I have this problem where everything I write comes out like a conversation or a sermon. I write in the same way I would like to talk.
The problem with this is that I have to write academic papers now. You can’t write conversationally in papers discussing the history of biblical exegesis.
So, I started writing this paper about how church fathers (or parents, as we are required to say in our inclusive, gender-neutral writing regulations) read the Song of Songs… and I came across this quote from Origen about the Song of Songs… and I wrote something really cool but totally unusable academically….
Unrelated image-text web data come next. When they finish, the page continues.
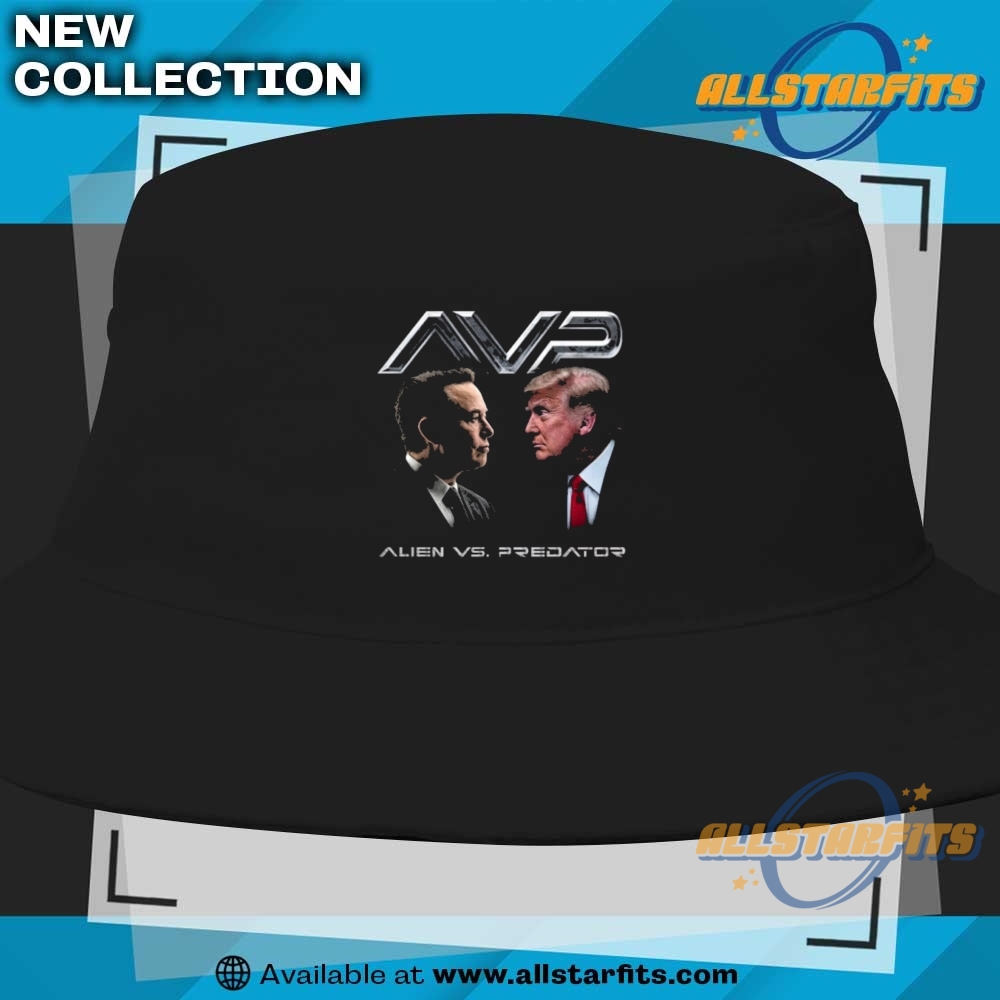 Alien Vs Predator Trump Vs Elon Shirt 9 Alien vs Predator Trump vs Elon shirt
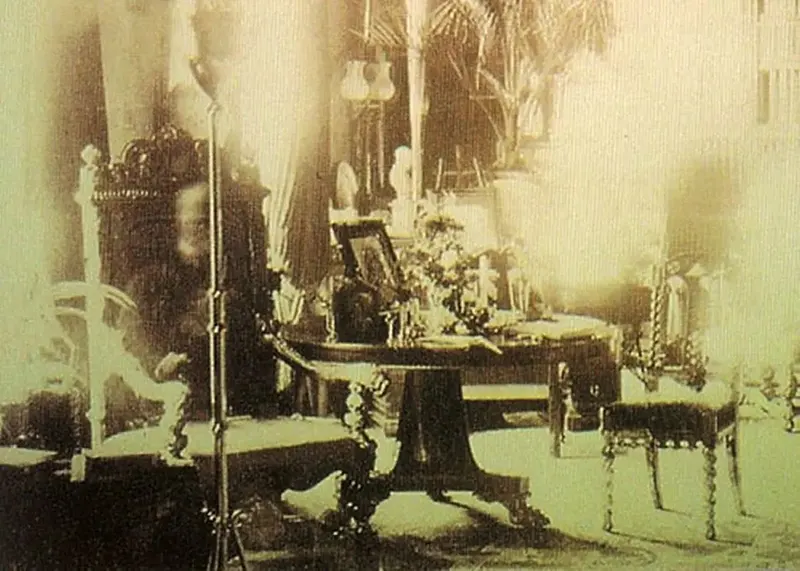 spirit vintage photos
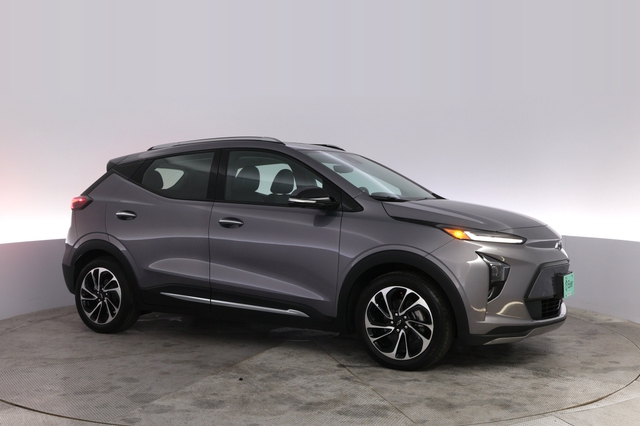 2023 Chevrolet Bolt EUV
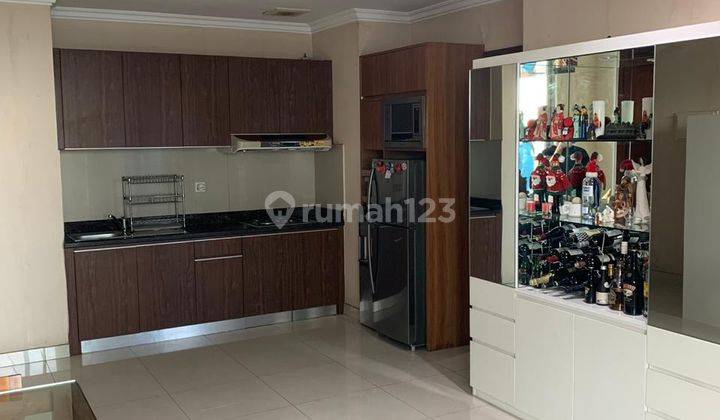 apartemen denpasar residence 2BR 2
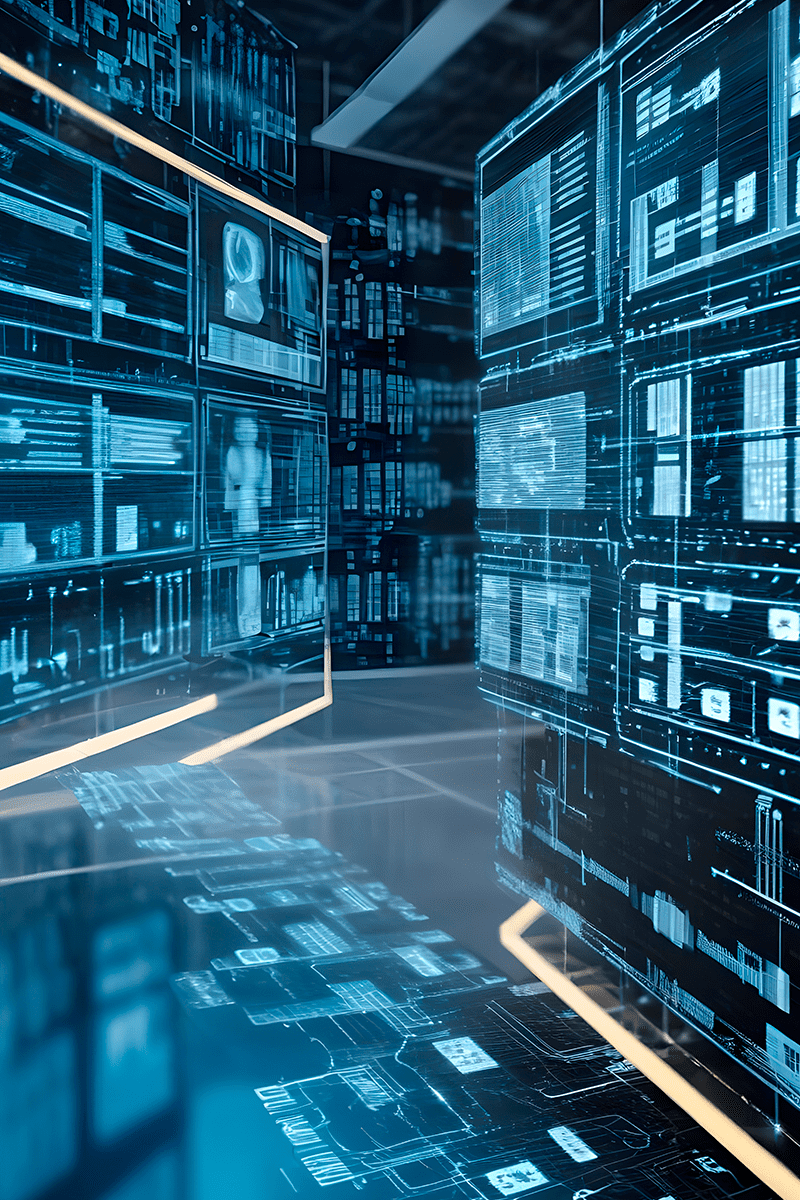 Automated-information-processing-and-management-systems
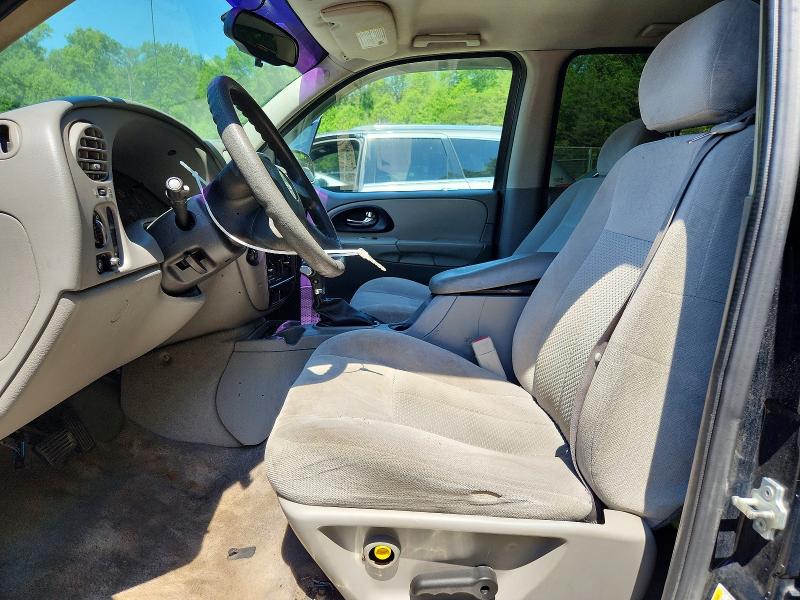 2007 Chevrolet Trailblazer მანქანა იყიდება აუქციონზე, vin: 1GNDS13S272242549, აუქციონის ნომერი: 53781246
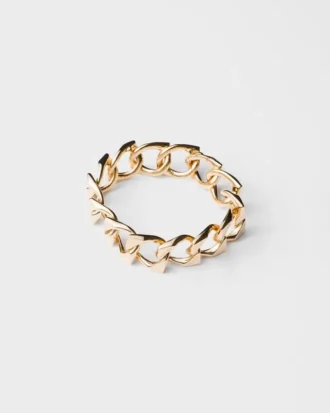 Eternal Gold-armband i gult guld Eternal Gold-armband i gult guld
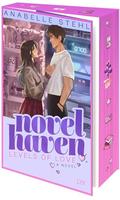 Levels of Love (Novel Haven #1) by Anabelle Stehl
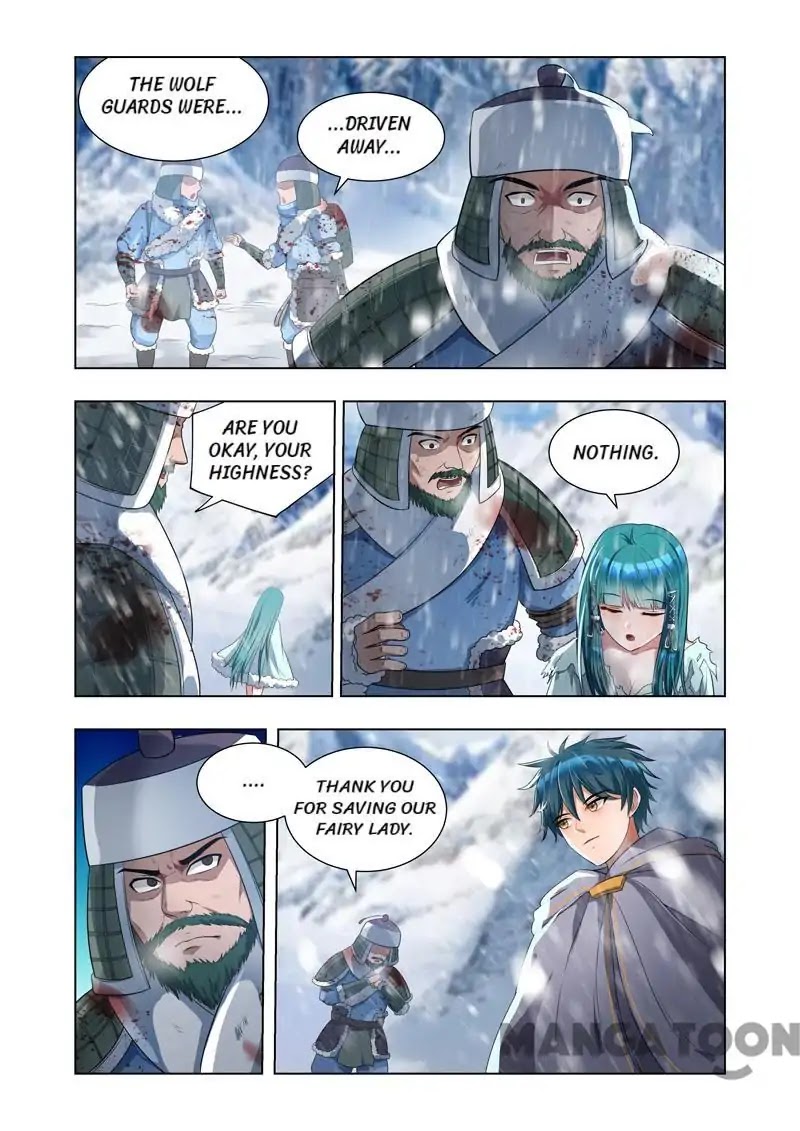 Lord of the Universe Chapter 14 page 5 - Chapter 14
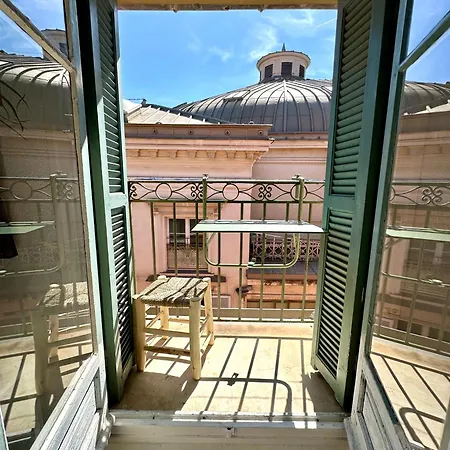 Appartamento Superbe Duplex Entre Le Vieux Et La Prom Nizza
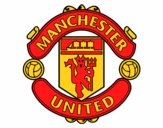 Escudo del Manchester United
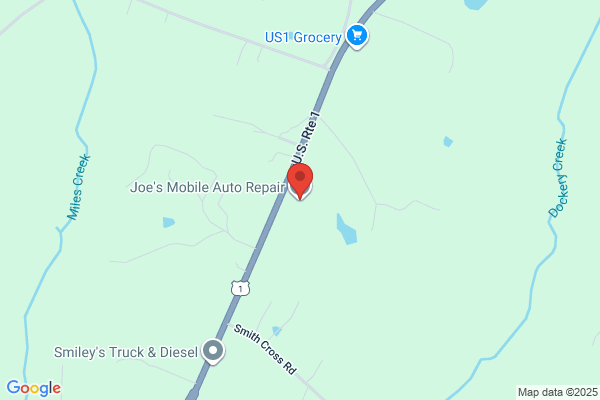 Joe's Auto Repair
So I thought I would share it here…
In the Song of Songs, the narrative is driven by the Bride and the Bridegroom’s longing for each other during a period of time between their betrothal and the consummation of their marriage. The couple is separated by physical distance. The Bride longs for her future husband and says “Let him kiss me with the kisses of his mouth.” (20) Origen draws a direct connection between the desires of the Bride and the anticipation of the church as it waits for the return of Christ. Writing in his own voice he says:
“…for this reason I beseech you, Father of my spouse, and pour out my prayer, that you will look with pity upon this love of mine and send him, so that now he may not speak to me any longer by way of his ministering angels and his prophets, but may come in his very own person and kiss me with the kisses of his mouth…” (21)
Origen seems to be affected by the words of the ancient story. He uses very strong phrases such as “I beseech you, Father” and “look with pity on this love of mine”. He is not a passive exegete that is engaging the text only with his intellect. I would suggest that, much like the Bride in the Song of Songs, Origen is experiencing something real and moving. When he reads the Bride’s words he hears the echoes of his own heart’s desire to stand in the presence of Jesus and see his face and be wrapped up in his loving arms.